The short answer is to kill him!
First, this is a historical event. So, one should not be surprised where this story is going. Second, this tale is basically one of the most famous royal scandals in Korean history. “The Throne” (2015) is really made under the assumption that you know the story well. I’ll go over this in more detail later, but you really need to have a pre-established relationship with the tale before seeing this movie. Thus, knowing as much as possible about the historical event is recommended rather than discouraged.
While “The Throne” (2015) covers a specific historical event that happened over about 8 days, these 8 days are the story’s climax rather than the main story itself.

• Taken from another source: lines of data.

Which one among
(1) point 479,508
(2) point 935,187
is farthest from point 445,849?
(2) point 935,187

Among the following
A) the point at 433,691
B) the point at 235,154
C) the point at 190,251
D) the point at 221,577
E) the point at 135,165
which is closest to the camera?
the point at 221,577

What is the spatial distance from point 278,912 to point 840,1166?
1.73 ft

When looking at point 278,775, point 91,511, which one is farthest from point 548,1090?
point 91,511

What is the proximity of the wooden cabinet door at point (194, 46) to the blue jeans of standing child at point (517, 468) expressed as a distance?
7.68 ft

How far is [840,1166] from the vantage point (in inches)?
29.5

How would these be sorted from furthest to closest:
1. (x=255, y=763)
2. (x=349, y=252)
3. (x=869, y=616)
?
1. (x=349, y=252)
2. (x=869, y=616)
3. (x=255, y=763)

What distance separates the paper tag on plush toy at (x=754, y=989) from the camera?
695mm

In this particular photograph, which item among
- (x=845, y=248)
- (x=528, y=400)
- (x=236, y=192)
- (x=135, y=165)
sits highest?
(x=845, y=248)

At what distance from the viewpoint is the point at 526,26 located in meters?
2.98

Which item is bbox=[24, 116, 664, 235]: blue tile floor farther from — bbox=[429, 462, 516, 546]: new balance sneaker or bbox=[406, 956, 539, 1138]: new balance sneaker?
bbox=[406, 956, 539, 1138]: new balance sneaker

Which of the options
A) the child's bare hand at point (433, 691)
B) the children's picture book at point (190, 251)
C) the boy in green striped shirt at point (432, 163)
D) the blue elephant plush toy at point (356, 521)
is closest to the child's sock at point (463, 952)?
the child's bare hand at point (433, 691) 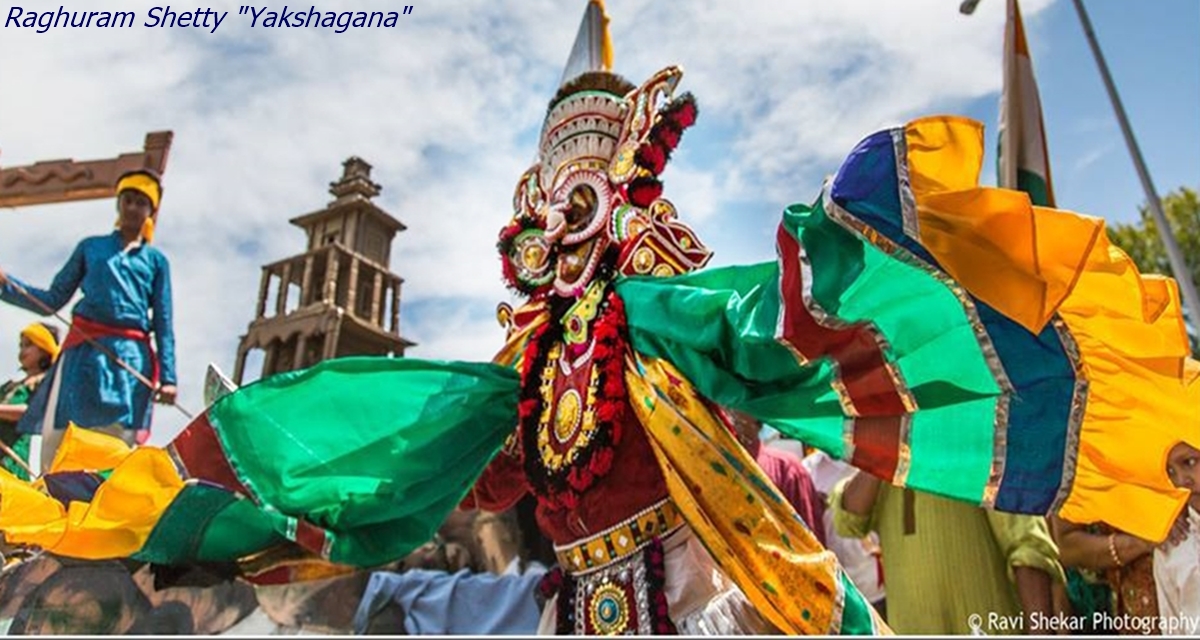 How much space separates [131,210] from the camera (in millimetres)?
4555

The tale of “The prince in a box” is basically about a lifelong relationship of abuse and resentment between a father and a son, which cumulated tragically in the father putting his son in a box so he would starve to death.
As a result, there is a strong biopic characteristic of the story. You have to really talk about the “history” of the relationship since that is where the story’s meat lies.

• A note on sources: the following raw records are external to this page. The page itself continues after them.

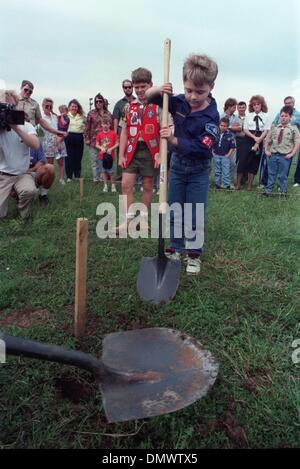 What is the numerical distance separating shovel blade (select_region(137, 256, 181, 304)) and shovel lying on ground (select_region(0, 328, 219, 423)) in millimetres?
544

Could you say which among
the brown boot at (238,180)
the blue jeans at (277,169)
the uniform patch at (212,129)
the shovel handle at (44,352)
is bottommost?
the shovel handle at (44,352)


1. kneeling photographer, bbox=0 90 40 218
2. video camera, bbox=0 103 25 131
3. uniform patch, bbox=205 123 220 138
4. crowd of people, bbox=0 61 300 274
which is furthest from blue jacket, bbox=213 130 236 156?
uniform patch, bbox=205 123 220 138

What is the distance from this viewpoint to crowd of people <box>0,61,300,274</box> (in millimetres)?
2896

Biopics are not easy to do!
Straight Outta Joseon!
How does one handle this in a movie? There are several ways.
At one end, there is the “traditional” linear biopic approach in which one starts from birth and ends with death with a minor framing device if one feels like it.
At the opposite end, there is the “Lincoln” (2012) approach in which you just focus on one specific event, which is then used to reflect on the whole life of a person. The movie “Lincoln” (2012) recently used this approach.

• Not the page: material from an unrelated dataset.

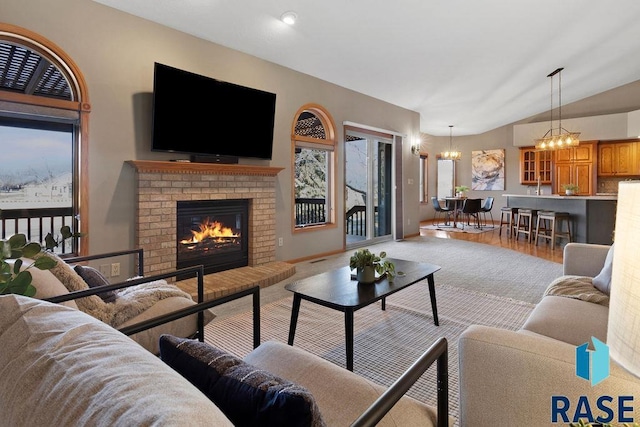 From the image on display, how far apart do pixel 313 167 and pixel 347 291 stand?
363 centimetres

There is a compromise approach in the middle, which is basically enlarging the framing device to almost equal the linear story narrative. This means that you basically have 2 or more different narratives about a person separated by time portrayed in parallel with each other. I like to call it the “Iron Lady” (2011) approach.
“The Throne” (2015) goes with the “Iron Lady” approach since it has two different narratives shown in parallel. The enlarged framing device narrative becomes the prince’s 8 days of prolonged death stuck in a box while the linear narrative spans the time period from the prince’s birth to the moment just before the other narrative starting.
“In the box” narrative
These two narratives are told using what I would call extended flashbacks as the “In the box” narrative is treated as the present time of the movie, which is counting down one day at a time. Throughout those 8 days, the movie cuts to “past” narrative in snippets, albeit rather long ones making the balance between the narratives rather equal. In fact, I remember the “past” narrative to be longer in total, but it may be just that I was bored. I didn’t time it.
Once the “past” narrative catches up with the “In the box” narrative, the movie climaxes with the prince’s death. However, the movie does not end there as then it goes into a rather long extended epilogue about the fates of the surviving characters. Some say that this epilogue is used to justify the series of events as a whole. I get that in theory, but I think it doesn’t work in practice.
The Return of the King (2003)
So, in fact, there are 3 different narrative parts within “The Throne” (2015). And there is nothing wrong with the structural choices of the movie. It is perfectly suitable for the type of story it is telling. However, the movie fails in its execution, resulting in me stuck in a box for 8 days. I might actually prefer that one!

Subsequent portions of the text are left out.